Mortgage Risk and the Yield Curve

Review of Financial Studies 2016 29(5), 1220-1253 open access
We study feedback from the risk of outstanding mortgage-backed securities (MBS) on the level and volatility of interest rates. We incorporate supply shocks resulting from changes in MBS duration into a parsimonious equilibrium dynamic term structure model and derive three predictions that are strongly supported in the data: (1) MBS duration positively predicts nominal and real excess bond returns, especially for longer maturities; (2) the predictive power of MBS duration is transitory in nature; and (3) MBS convexity increases interest rate volatility, and this effect has a hump-shaped term structure.

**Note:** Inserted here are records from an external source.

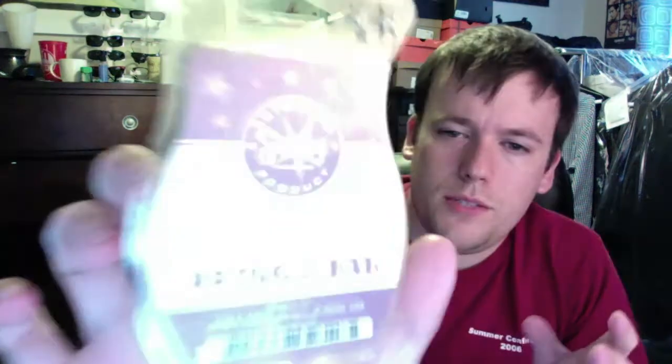I finished two Scentsy bars — one in Plum Delicious, which I got out of a round robin. The scent's been discontinued for a while, but I think it's coming back in July for Bring Back My Bar. It's kind of a perfumey plum type of scent, like a really deep, almost berry type of scent. The other one I finished was Blackberry Bushel, which was from a previous Bring Back My Bar. This one was just kind of okay — it was a blackberry-type scent. I don't think you can get this one anymore unless it comes back for Bring Back My Bar.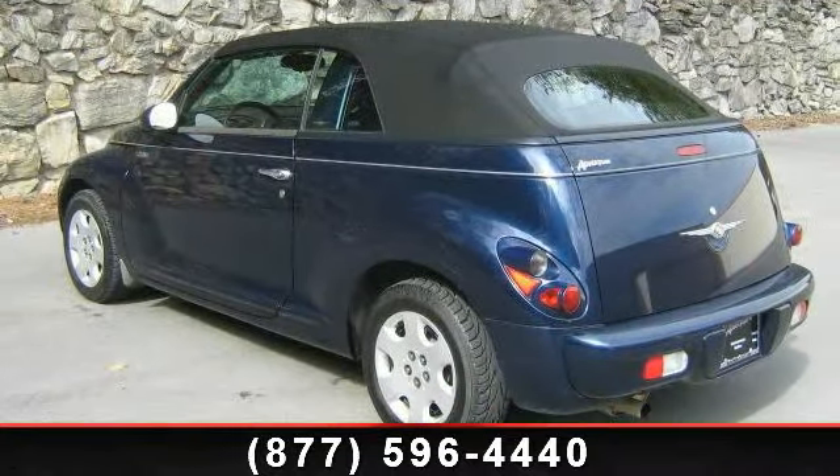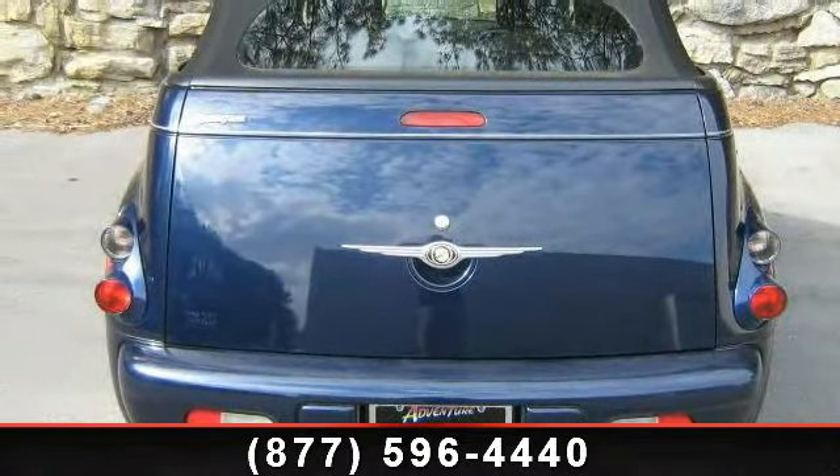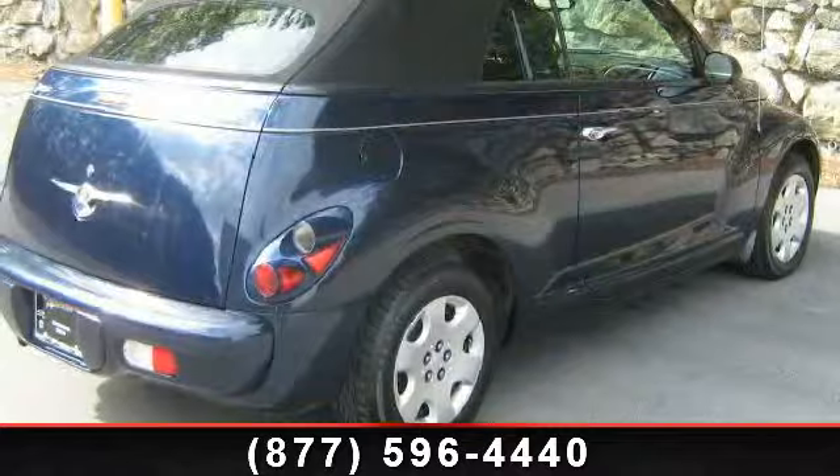If you are looking for a solid pre-owned car, this might be the one. A test drive is waiting for you. Call now to schedule an appointment at our dealership.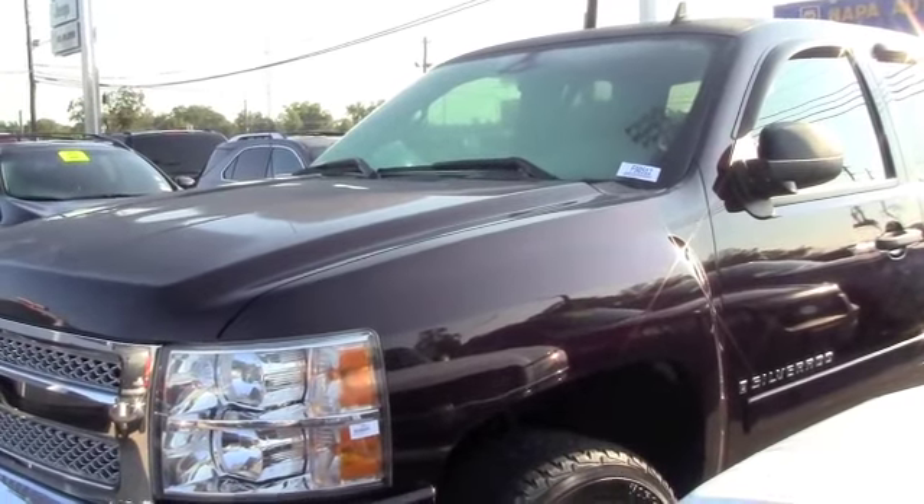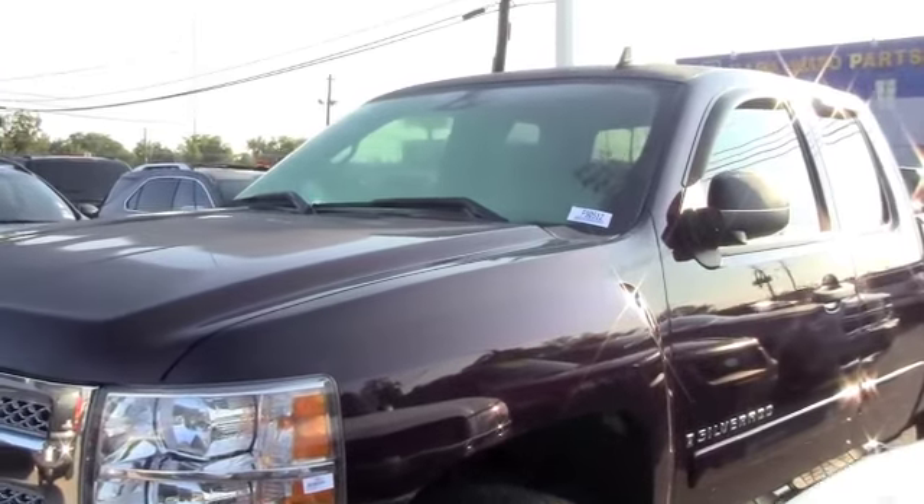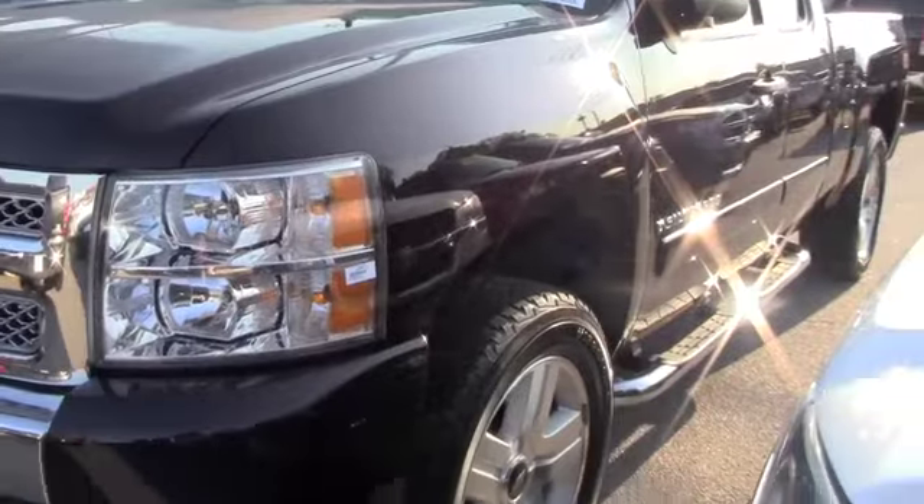This is a 2008 Chevrolet Silverado 1500 LT, Vortec engine, 5.3 liter V8. Low miles, excellent condition, super clean, brand new tires.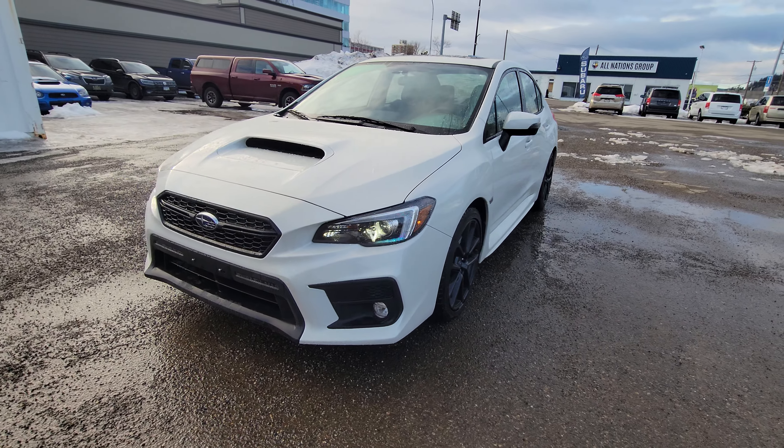Today we're taking a look at the 2020 Subaru WRX Sport Tech. Powered by a two-liter four-cylinder turbocharged boxer engine producing 268 horsepower, paired with Subaru's legendary full-time symmetrical all-wheel drive, you have an absolute rocket that is perfect for our northern winters.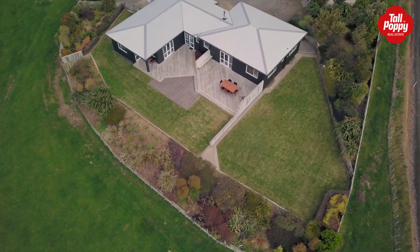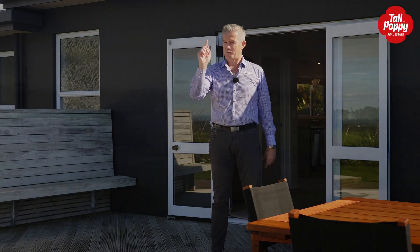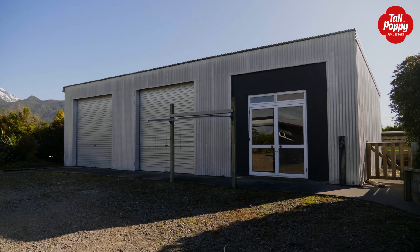This is a beautiful, gorgeous family home. Just enough grass for the kids to play in. The most outstanding view. But wait, there's just one more thing — a big double implement shed behind the house.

Foreign Exchange Fixings and Returns around the Clock

Journal of Finance 2024 79(1), 541-578 open access
ABSTRACT The U.S. dollar appreciates in the run‐up to foreign exchange (FX) fixes and depreciates thereafter, tracing a W ‐shaped return pattern around the clock. Return reversals for the top nine traded currencies over a 21‐year period are pervasive and highly statistically significant, and they imply daily swings of more than one billion U.S. dollars based on spot volumes. Using natural experiments, we document the existence of a published reference rate determines the timing of intraday return reversals. We present evidence consistent with an inventory risk explanation whereby FX dealers intermediate unconditional demand for U.S. dollars at the fixes.